While the first, core accretion, works well with the formation of terrestrial planes, scientists have difficulty reconciling it with giant planets like Jupiter. A more recent model known as disk instability may help solve some of the problems that core accretion fails to address.
Weighing in at 2.5 times the mass of the rest of the solar system planets, Jupiter played an important role in the formation and evolution of its siblings. New theories about the early solar system suggest that Jupiter may have moved around, stirring up material. The complex dance of the king of planets may have directly influenced the formation of Mars and played a role in the bombardment of the rocky planets.
Approximately 4.6 billion years ago, the solar system was a cloud of dust and gas known as a solar nebula. Gravity collapsed the material in on itself as it began to spin, forming the sun in the center of the nebula.
With the rise of the sun, the remaining material began to clump up. Small particles drew together, bound by the force of gravity, into larger particles. The solar wind swept away lighter elements, such as hydrogen and helium, from the closer regions, leaving only heavy, rocky materials to create smaller terrestrial worlds. But farther away, the solar winds had less impact on lighter elements, allowing them to coalesce into gas giants. In this way, asteroids, comets, planets, and moons were created.
The core accretion model suggests that the rocky cores of planets formed first, then gathered lighter elements around it to form its crust and mantle. For rocky worlds, the lighter elements build up their atmosphere.
Exoplanet observations seem to confirm core accretion as the dominant formation process. Stars with more "metals" — a term astronomers use for elements other than hydrogen and helium — in their cores have more giant planets than their metal-poor cousins. According to NASA, core accretion suggests that small, rocky worlds should be more common than the more massive gas giants.
The 2005 discovery of a giant planet with a massive core orbiting the sun-like star HD 149026 is an example of an exoplanet that helped strengthen the case for core accretion.

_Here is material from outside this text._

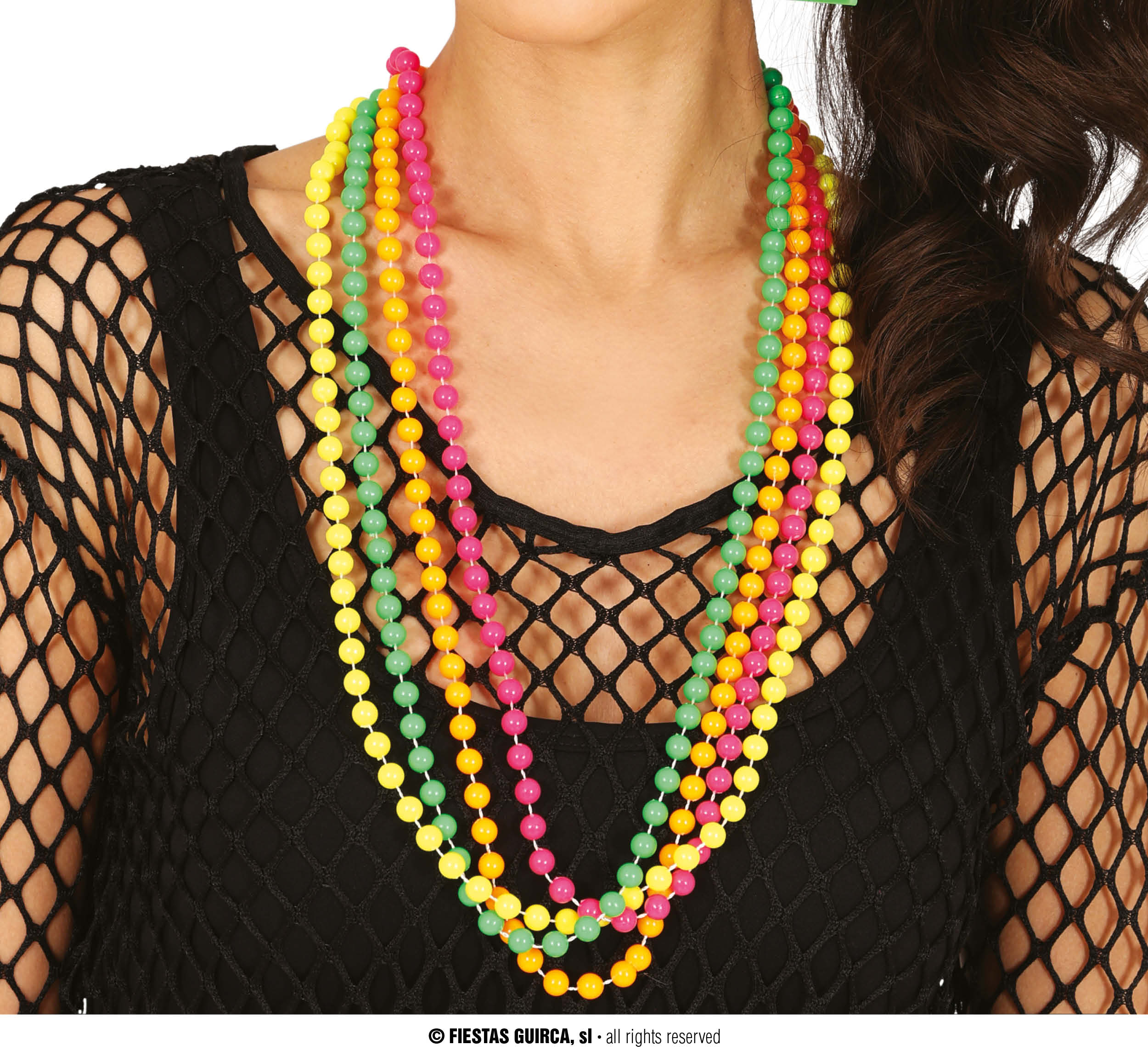 SET OF 4 NEON BEADS NECKLACES, ADULTS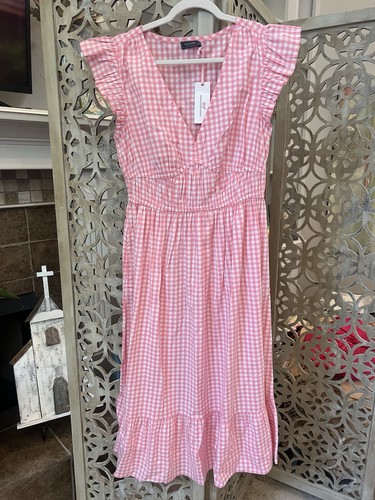 Neu mit Etikett Vineyard Vines Popeline Flatterärmel Midikleid Gingham Cayman weiß M - Bild 3 von 12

"This is a confirmation of the core accretion theory for planet formation and evidence that planets of this kind should exist in abundance," said Greg Henry in a press release. Henry, an astronomer at Tennessee State University, Nashville, detected the dimming of the star.

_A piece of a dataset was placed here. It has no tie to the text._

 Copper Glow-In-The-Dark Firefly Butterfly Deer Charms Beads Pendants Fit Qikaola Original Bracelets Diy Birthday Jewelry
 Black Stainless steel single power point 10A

In 2017, the European Space Agency plans to launch the CHaracterising ExOPlanet Satellite (CHEOPS), which will study exoplanets ranging in sizes from super-Earths to Neptune. Studying these distant worlds may help determine how planets in the solar system formed.
"In the core accretion scenario, the core of a planet must reach a critical mass before it is able to accrete gas in a runaway fashion," said the CHEOPS team.

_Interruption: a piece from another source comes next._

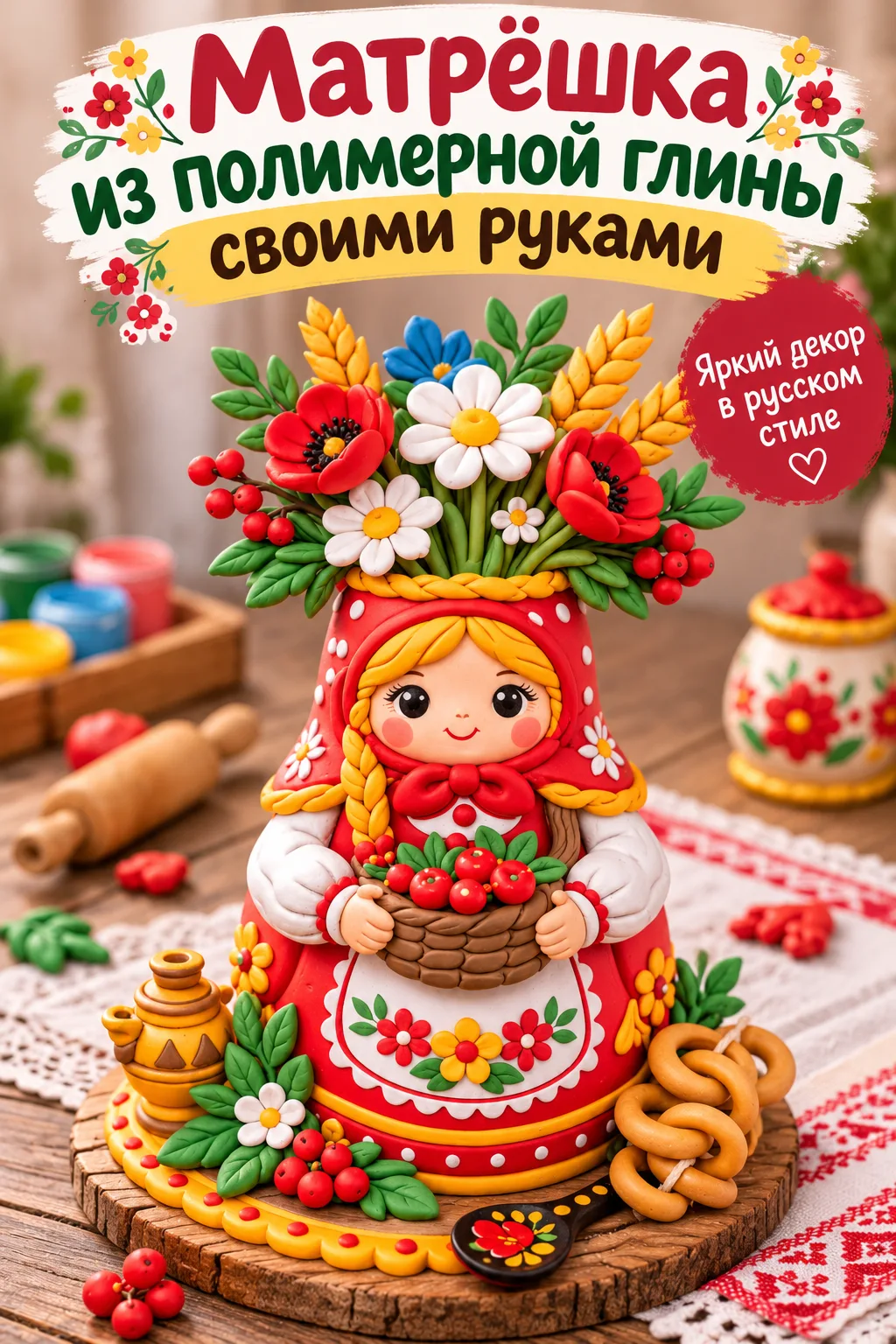 Матрёшка из полимерной глины с цветами — яркая идея декора своими руками в русском стиле.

"This critical mass depends upon many physical variables, among the most important of which is the rate of planetesimals accretion."
By studying how growing planets accrete material, CHEOPS will provide insight into how worlds grow.
The disk instability model
For massive gas giants like Jupiter, however, core accretion takes far too long. The cloud of material around the sun only lasts a short time it is either gathered up by planets or evaporates completely.
"Giant planets form really fast, in a few million years," Kevin Walsh, a researcher at the Southwest Research Institute in Boulder, Colorado, told Space.com. "That creates a time limit because the gas disk around the sun only lasts 4 to 5 million years."
While rocky planets have plenty of time to build up their heavier atmospheres, or collect them from material crashing into the planet, the atmospheres of gas giants are too light and disappear too quickly. For instance, Jupiter is composed almost completely of hydrogen, with about 10 percent of its volume made up of helium. Small traces of other elements exist in Jupiter's atmosphere, as well, but most of its mass is held by these two basic elements. Scientists had to look for a new way to build the larger planets.